2. Expectation values of measurements are built up from samples

These two ingredients allow one circuit to actually represent an entire family of circuits. An objective function—encapsulating some problem-specific goal—is built from the expectation values, and the circuit’s free parameters are progressively tuned to optimize this function. At each step, the circuit has the same gate layout, but slightly different parameters, making this approach promising to run on constrained near-term devices.

But how should we actually update the circuit’s parameters to move us closer to a good output? Borrowing a page from classical optimization and deep learning, we can use gradient descent. In this general-purpose method, we compute the derivative of a (smooth) function $$f$$ with respect to its parameters $$\theta$$, i.e., its gradient $$\nabla_\theta f$$. Since the gradient always points in the direction of steepest ascent/descent, if we make small updates to the parameters according to

$\theta \rightarrow \theta - \eta \nabla_\theta f,$

we can iteratively progress to lower and lower values of the function.

## The Parameter-Shift Rule¶

In the quantum case, the expectation value of a circuit with respect to an measurement operator $$\hat{C}$$ depends smoothly on the the circuit’s gate parameters $$\theta$$. We can write this expectation value as $$\langle \hat{C}(\theta)\rangle$$. This means that the derivatives $$\nabla_\theta \langle \hat{C} \rangle$$ exist and gradient descent can be used.

Before digging deeper, we will first set establish some basic notation. For simplicity, though a circuit may contain many gates, we can concentrate on just a single gate $$\hat{U}$$ that we want to differentiate (other gates will follow the same pattern).

All gates appearing before $$\hat{U}$$ can be absorbed into an initial state preparation $$\vert \psi_0 \rangle$$, and all gates appearing after $$\hat{U}$$ can be absorbed with the measurement operator $$\hat{C}$$ to make a new effective measurement operator $$\hat{A}$$. The expectation value $$\hat{A}$$ in the simpler one-gate circuit is identical to the expectation value $$\hat{C}$$ in the larger circuit.

We can also write any unitary gate in the form

$\hat{U}(\theta) = e^{i\theta\hat{V}},$

where $$\hat{V}$$ is the Hermitian generator of the gate $$\hat{U}$$.

Now, how do we actually obtain the numerical values of the gradient necessary for gradient descent?

This is where the parameter-shift rule 2 3 4 enters the story. In short, the parameter-shift rule says that for many gates of interest—including all single-qubit gates—we can obtain the value of the derivative $$\nabla_\theta \langle \hat{A}(\theta) \rangle$$ by subtracting two related circuit evaluations:

$\nabla_\theta \langle \hat{A} \rangle = u\left[ \langle \hat{A}(\theta + \tfrac{\pi}{4u}) \rangle - \langle \hat{A}(\theta - \tfrac{\pi}{4u}) \rangle \right]$

Note

The multiplier $$u$$ in this formula is arbitrary and can differ between implementations. For example, PennyLane internally uses the convention where $$u=\tfrac{1}{2}$$.

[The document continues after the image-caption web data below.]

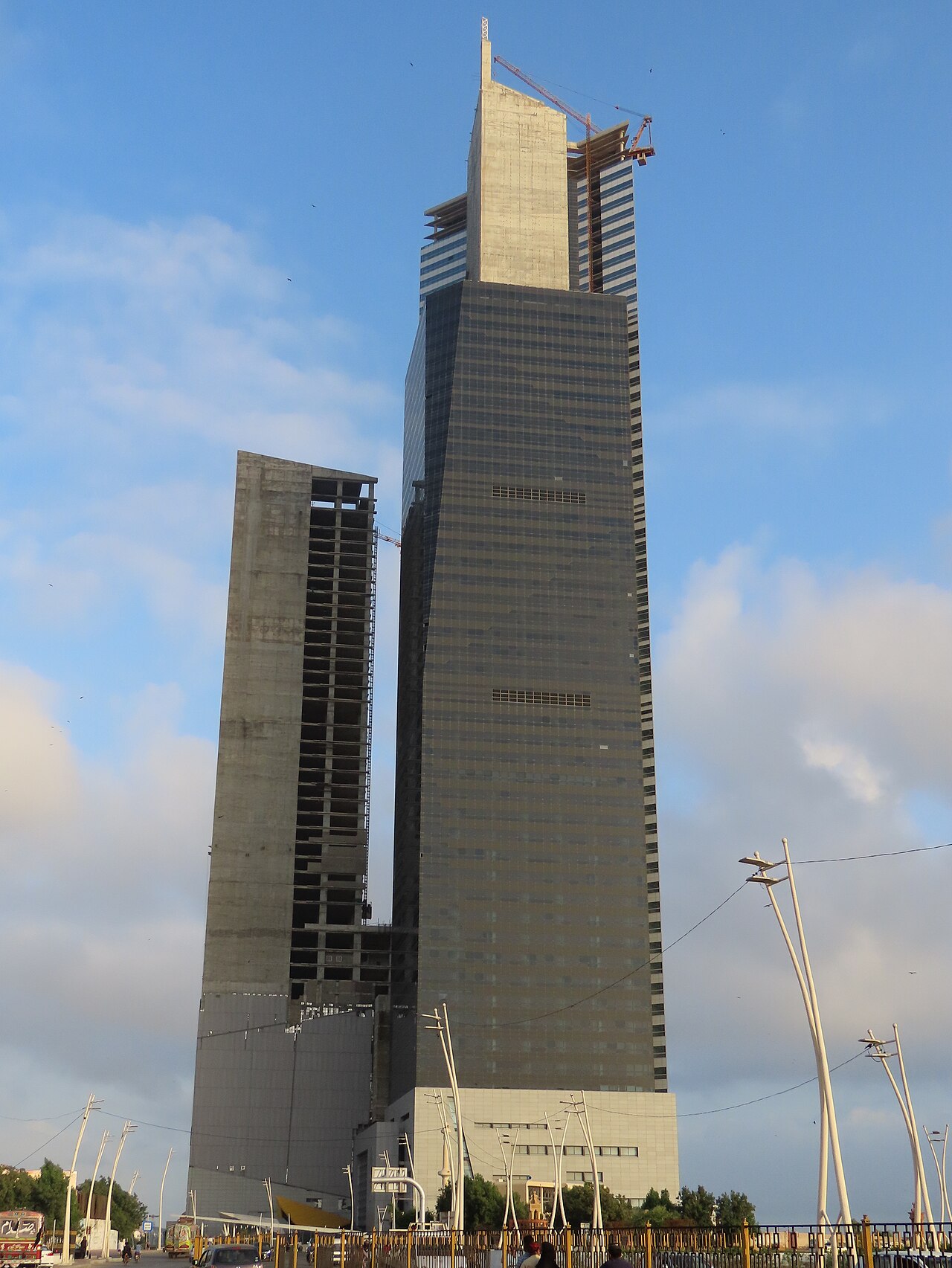 The Bahria Icon Tower, a tall modern skyscraper in Karachi, seen from below.
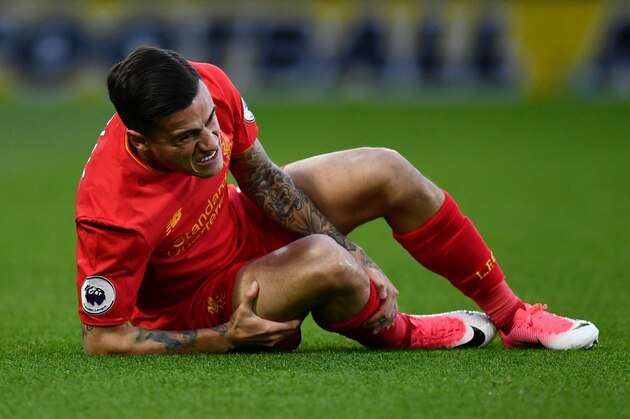 WATFORD, ENGLAND - MAY 01:  Philippe Coutinho of Liverpool goes down injured during the Premier League match between Watford and Liverpool at Vicarage Road on May 1, 2017 in Watford, England.  (Photo by Dan Mullan/Getty Images)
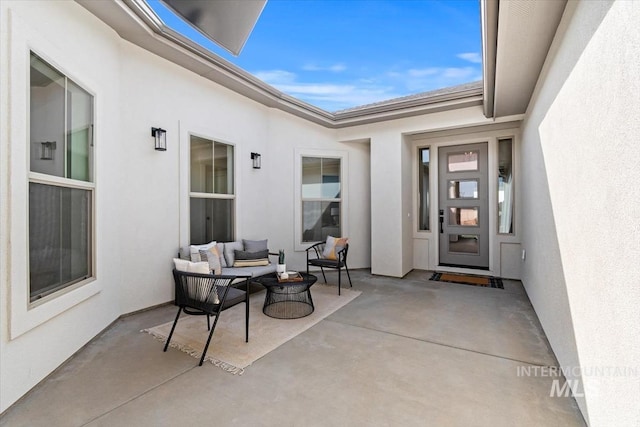 doorway to property with a patio area, an outdoor living space, and stucco siding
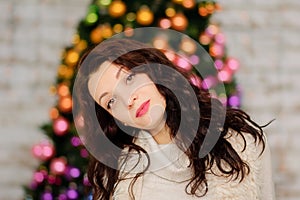 Portrait of Beautiful Young Woman with Long Dark Hair near Blurred Christmas Tree with Colorful Glass Balls.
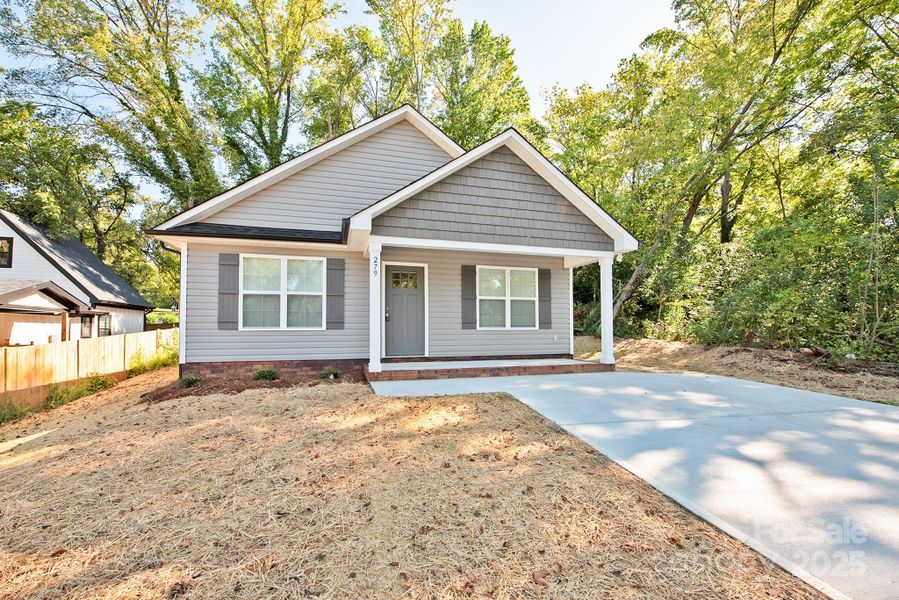 Front exterior of a new home in , Concord, NC, highlighting curb appeal (Image 1). Front exterior of a new home in , Concord, NC, highlighting curb appeal (Image 1).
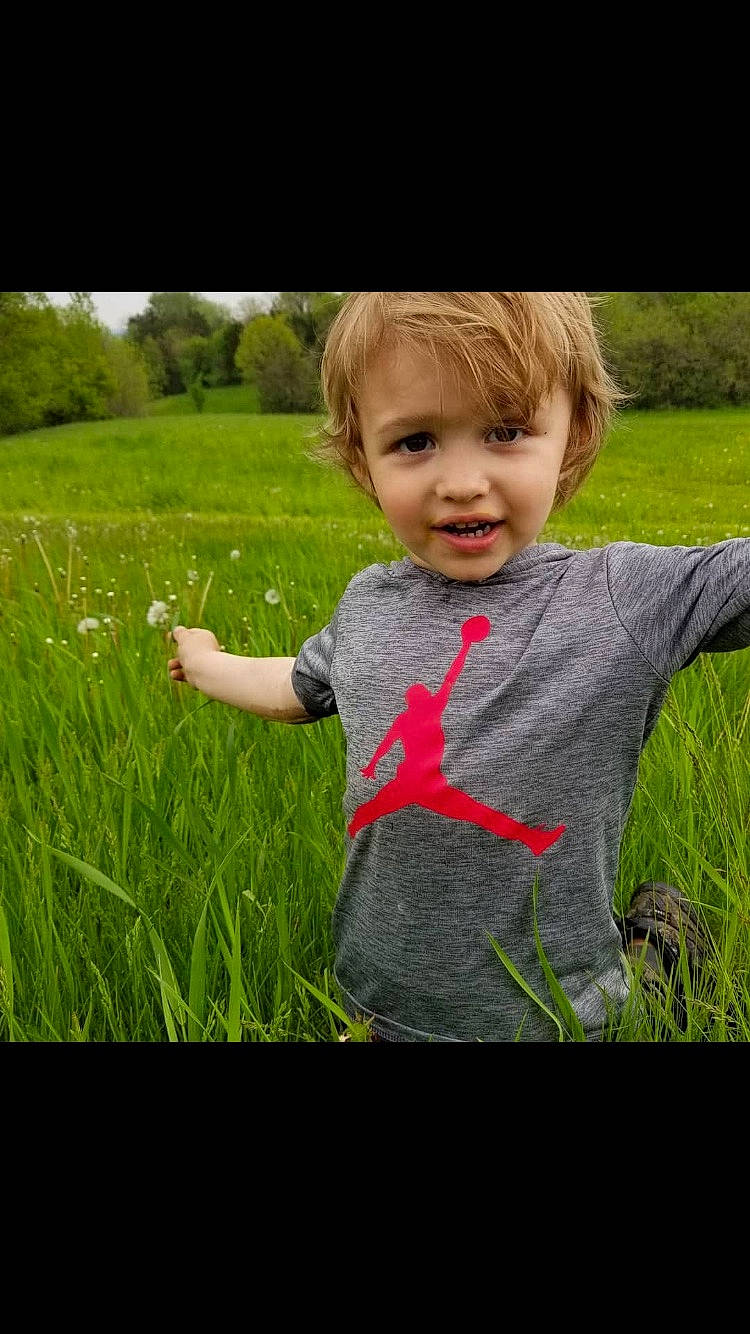 Rick is registered to the contest to win money with this photo: cheek, child, eye, fun, grass, grass_family, grassland, green, happy, lawn, meadow, people_in_nature, person, plant, play, portrait, skin, smile, spring, toddler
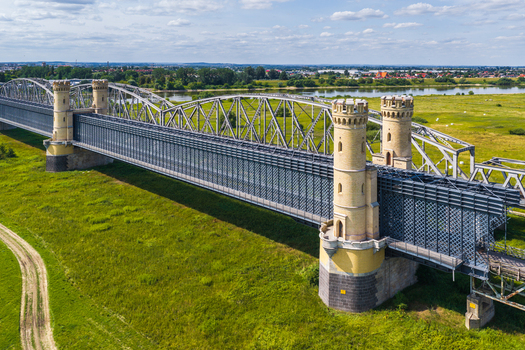 Aerial view of the historic Tczew Bridge with its distinctive towers spanning the Vistula River surrounded by green meadows under a blue sky in Tczew Pomeranian Voivodeship Poland. Aerial view of the historic Tczew Bridge with its distinctive towers spanning the Vistula River surrounded by green meadows under a blue sky in Tczew Pomeranian Voivodeship Poland.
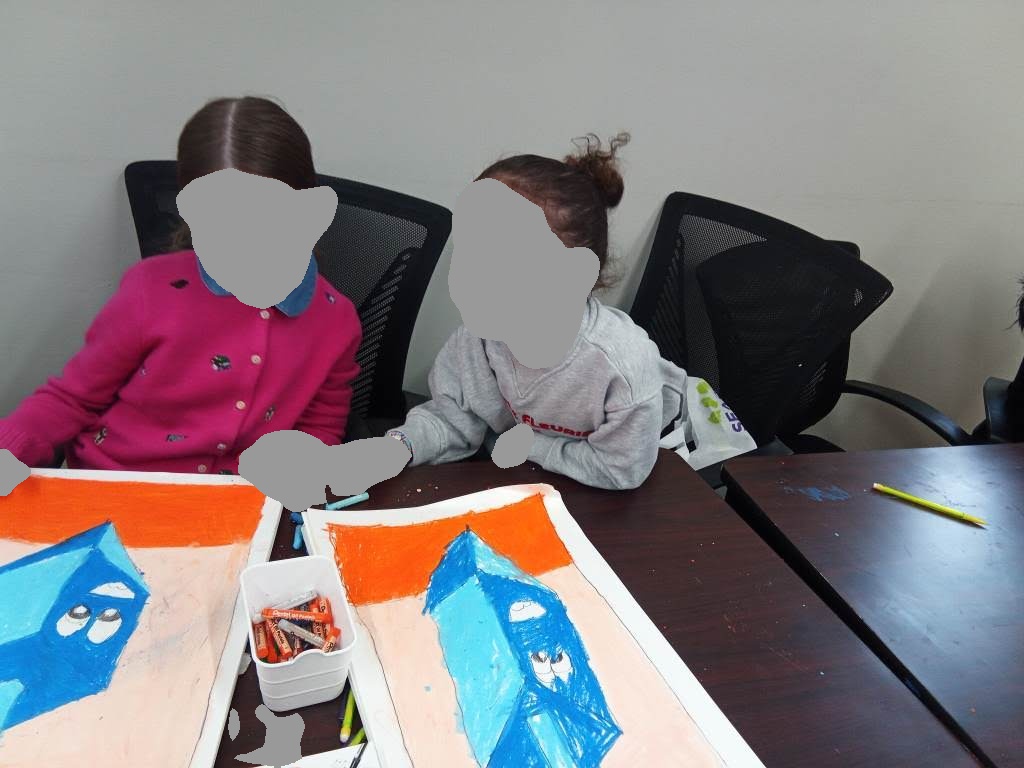 Two girls working on colorful oil pastel drawings at a table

The parameter-shift rule is exact, i.e., the formula for the gradient doesn’t involve any approximations. For quantum hardware, we can only take a finite number of samples, so we can never determine a circuit’s expectation values exactly. However, the parameter-shift rule provides the guarantee that it is an unbiased estimator, meaning that if we could take a infinite number of samples, it converges to the correct gradient value.

Let’s jump into some code and take a look at the parameter-shift rule in action.

import pennylane as qml
import matplotlib.pyplot as plt
from pennylane import numpy as np
from scipy.linalg import expm

np.random.seed(143)
angles = np.linspace(0, 2 * np.pi, 50)
dev = qml.device('default.qubit', wires=2)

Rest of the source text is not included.